4. Data compilation and synthesis
Our six-person research team then collaborated virtually and in-person to organize, synthesize, and analyze the qualitative and quantitative data we’d collected through the surveys and interviews. We used a combination of methods to analyze our recorded interview transcripts, interview notes, and survey results, including:
- A collaborative Miro board where we practiced card sorting on a massive scale to organize key findings and quotes
- A qualitative code book in Notion that helped us to sort quotations from interview participants
- Qualitative and quantitative analysis of survey results in Google Sheets
Our research tried to cover a wide range of projects and people working on them. To understand what our results apply to, we want to speak to the research’s limitations.
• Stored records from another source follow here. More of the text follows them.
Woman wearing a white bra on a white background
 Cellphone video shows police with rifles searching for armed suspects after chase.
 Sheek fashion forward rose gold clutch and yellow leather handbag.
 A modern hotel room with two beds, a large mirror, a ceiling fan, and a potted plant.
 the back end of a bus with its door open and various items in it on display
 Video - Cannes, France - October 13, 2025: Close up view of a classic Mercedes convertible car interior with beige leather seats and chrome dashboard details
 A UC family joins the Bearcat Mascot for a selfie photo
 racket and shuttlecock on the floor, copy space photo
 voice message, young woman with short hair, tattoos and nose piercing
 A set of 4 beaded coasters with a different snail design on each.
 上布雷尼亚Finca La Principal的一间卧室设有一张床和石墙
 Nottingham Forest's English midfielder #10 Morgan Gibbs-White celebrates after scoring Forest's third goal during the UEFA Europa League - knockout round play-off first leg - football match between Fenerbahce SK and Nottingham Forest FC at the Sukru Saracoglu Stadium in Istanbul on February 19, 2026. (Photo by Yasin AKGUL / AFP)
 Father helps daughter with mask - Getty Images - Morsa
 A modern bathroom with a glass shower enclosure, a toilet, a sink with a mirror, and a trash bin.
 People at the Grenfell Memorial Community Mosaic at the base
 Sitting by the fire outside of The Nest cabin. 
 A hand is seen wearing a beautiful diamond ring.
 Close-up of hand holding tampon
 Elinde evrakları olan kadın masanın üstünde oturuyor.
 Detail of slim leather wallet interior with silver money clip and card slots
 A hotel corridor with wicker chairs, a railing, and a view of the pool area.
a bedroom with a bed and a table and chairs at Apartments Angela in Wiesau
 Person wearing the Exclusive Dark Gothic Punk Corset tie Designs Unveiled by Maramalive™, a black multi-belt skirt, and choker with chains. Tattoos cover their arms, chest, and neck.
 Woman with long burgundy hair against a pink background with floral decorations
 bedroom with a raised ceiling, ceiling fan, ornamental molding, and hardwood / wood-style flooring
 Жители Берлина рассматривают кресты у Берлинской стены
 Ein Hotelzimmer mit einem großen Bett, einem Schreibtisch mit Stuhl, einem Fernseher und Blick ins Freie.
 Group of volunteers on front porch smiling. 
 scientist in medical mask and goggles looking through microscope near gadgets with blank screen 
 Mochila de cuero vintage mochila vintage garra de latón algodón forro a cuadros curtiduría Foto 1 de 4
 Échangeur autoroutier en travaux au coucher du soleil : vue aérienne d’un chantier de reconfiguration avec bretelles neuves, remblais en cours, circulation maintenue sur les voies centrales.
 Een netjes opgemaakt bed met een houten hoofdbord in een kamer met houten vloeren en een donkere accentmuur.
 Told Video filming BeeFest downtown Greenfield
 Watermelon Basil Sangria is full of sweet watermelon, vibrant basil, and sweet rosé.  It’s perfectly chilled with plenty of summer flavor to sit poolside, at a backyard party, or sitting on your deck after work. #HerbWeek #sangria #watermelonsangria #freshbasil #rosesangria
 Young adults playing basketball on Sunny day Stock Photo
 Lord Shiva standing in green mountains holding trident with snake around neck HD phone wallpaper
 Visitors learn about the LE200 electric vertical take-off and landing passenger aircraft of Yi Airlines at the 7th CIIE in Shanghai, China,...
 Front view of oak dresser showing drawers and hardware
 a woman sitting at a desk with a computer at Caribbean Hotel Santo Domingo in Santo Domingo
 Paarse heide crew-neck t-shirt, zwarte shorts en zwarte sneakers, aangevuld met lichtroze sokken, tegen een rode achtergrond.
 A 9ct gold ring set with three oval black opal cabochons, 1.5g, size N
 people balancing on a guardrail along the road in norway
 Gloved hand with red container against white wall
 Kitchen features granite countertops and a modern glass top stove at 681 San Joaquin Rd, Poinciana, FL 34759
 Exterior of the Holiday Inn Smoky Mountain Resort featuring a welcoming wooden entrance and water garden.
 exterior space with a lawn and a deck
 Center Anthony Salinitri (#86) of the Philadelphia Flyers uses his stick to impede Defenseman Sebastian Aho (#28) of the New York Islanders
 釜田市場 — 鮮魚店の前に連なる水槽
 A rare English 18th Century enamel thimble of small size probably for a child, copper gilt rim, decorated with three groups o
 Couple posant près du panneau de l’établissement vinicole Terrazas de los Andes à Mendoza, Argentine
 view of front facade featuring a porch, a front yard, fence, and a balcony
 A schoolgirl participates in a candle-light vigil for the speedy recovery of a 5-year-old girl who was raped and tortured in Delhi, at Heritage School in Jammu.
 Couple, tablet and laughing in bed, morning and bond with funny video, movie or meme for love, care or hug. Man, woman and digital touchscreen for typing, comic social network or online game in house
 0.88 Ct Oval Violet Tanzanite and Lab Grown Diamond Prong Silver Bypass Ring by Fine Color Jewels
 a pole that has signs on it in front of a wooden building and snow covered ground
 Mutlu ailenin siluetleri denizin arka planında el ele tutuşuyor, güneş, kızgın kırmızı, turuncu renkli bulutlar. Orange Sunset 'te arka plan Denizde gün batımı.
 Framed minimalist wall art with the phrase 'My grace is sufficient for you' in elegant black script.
Our research focused mainly on United States-based (or founded) projects with some European-based projects included. This has two reasons. Firstly, the organization that funded this research, the Sloan Foundation, focuses on research and academia in the US. Secondly, a lot of projects in open source research software are created at universities in the US or Europe, because these nations and states and their economies are typically able to fund such projects.
As a project concerned with both academia and the production of open source code, our sample also reflects the implicit prioritization of over-represented identities and backgrounds in regards to gender, race, and class and other factors in both academia and open source software communities.
Lastly, a limitation present in this research was time and capacity to include and recruit additional projects and people in the research process beyond those that volunteered through our initial outreach efforts. When making efforts to include under-represented majority/minority identities and populations (BIPOC, LGBTQIA+ etc.) time, capacity and voluntary self-identification is always a factor. We made efforts to signal that we wanted to speak to people and projects that were under-represented but due to time and capacity could not extend our deadlines to include those not readily available to participate.